But it is the almond-macadamia milk that is the revelation. It’s so creamy and delicate that it makes the nut milks you pour out of a box taste like cheap extract. While commercial nut milks contain stabilizers or other additives, the almond macadamia milk at G & B Coffee and Go Get Em Tiger contains only water, almonds, macadamias and dates, which add a touch of sweetness.

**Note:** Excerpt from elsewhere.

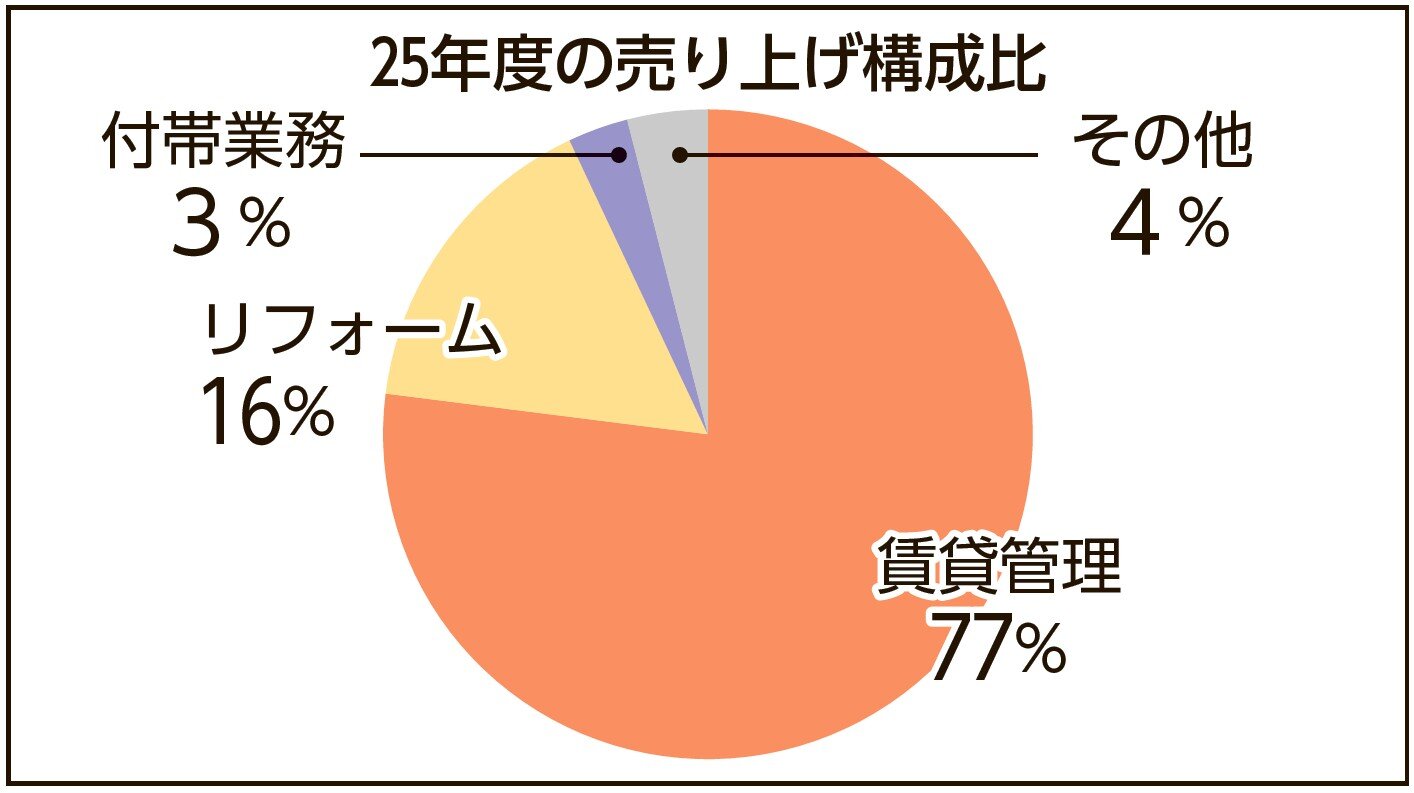 売上構成比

The iced almond-macadamia latte is just one of a number of innovative warm-weather drinks on the menu. The Dark and Stormy, a shot of espresso poured over handmade ginger beer, is new this season. As is the Business and Pleasure, which is actually a set of three small drinks: a shot of espresso, carbonated iced tea (which is actually black tea blended with water infused with citra hops; it tastes almost like an IPA) and an iced almond-macadamia milk cappuccino. Other drinks are being developed; Babinski is tinkering with carbonating coffee for a float.
Is there anything that’s off-limits?
“Soy milk,” Glanville said. “Unless you’re buying awesome soy beans from some awesome dude, and making it yourself, soy has no place in a specialty coffee shop.”
ALMOND AND MACADAMIA NUT MILK
Makes 1 quart
1 generous cup blanched almonds
½ cup macadamia nuts
1/3 cup pitted dates
1 liter filtered water
1. Combine almonds, macadamia nuts and dates in a large lidded plastic container. Add filtered water, cover, and let soak overnight at room temperature, at least 12 hours.
2. In a blender set to the highest speed, process mixture for three to four minutes or until finely puréed. Strain through a nut bag or jelly bag into a bowl, squeezing until only solids remain. (Or set a fine mesh sieve over a bowl and line with two layers of cheesecloth. Use a spatula to force mixture through lined sieve, then strain again using fresh cheesecloth.) Milk should be silky and creamy, not gritty. Refrigerate up to five days. Shake before using.
Notes: For an iced almond-macadamia milk latte, add 8 ounces chilled nut milk, a double shot of hot espresso and ice to a cocktail shaker. Shake for 30 seconds; strain into a chilled glass with fresh ice.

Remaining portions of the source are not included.